## Exercise details
Would you retype exactly the lines below, from the one containing "Un dormitorio con" through the end of the entries, both ends included, but not the pictures?

## Data provided
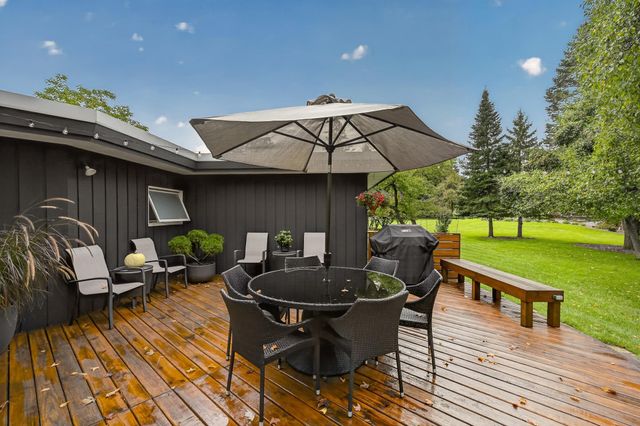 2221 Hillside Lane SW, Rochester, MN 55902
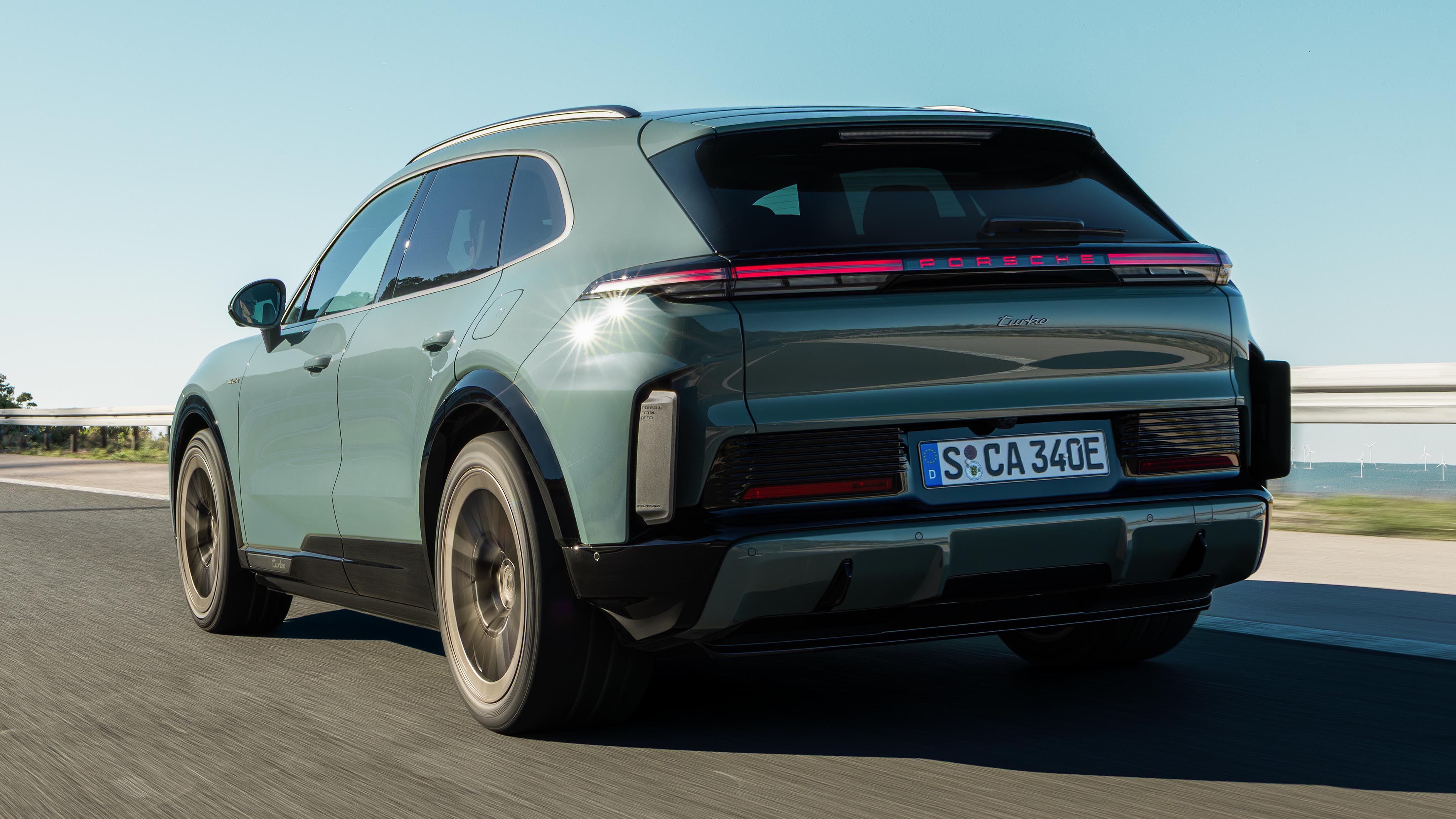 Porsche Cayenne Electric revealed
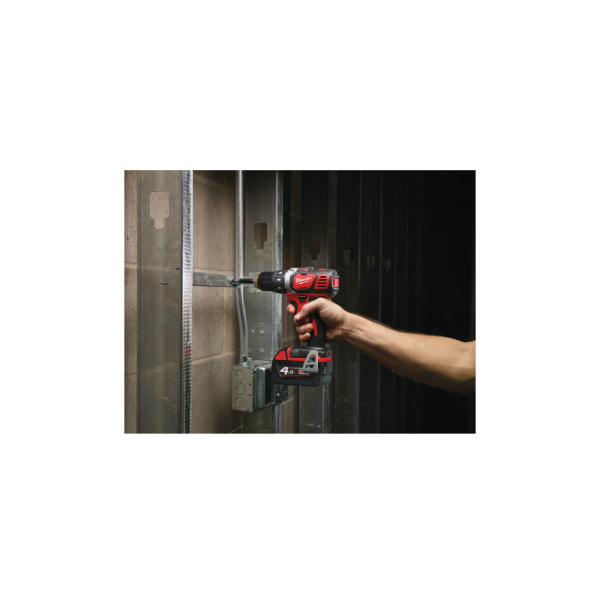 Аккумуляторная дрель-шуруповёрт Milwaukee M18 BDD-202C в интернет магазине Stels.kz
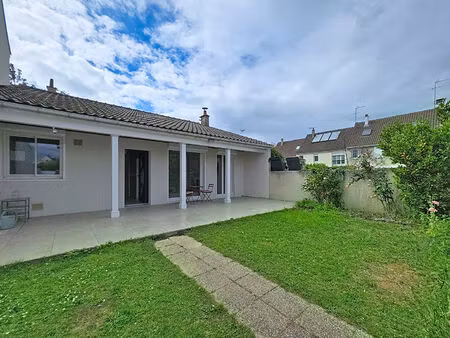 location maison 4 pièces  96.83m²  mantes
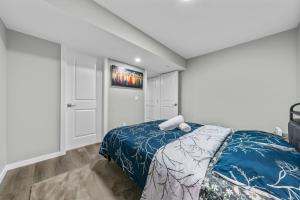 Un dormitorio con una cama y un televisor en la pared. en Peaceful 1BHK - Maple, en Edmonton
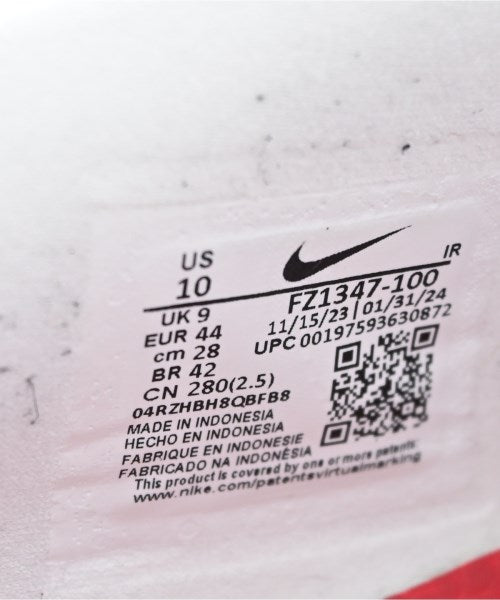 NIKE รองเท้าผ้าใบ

## Solution to this task
 Un dormitorio con una cama y un televisor en la pared. en Peaceful 1BHK - Maple, en Edmonton
 NIKE รองเท้าผ้าใบ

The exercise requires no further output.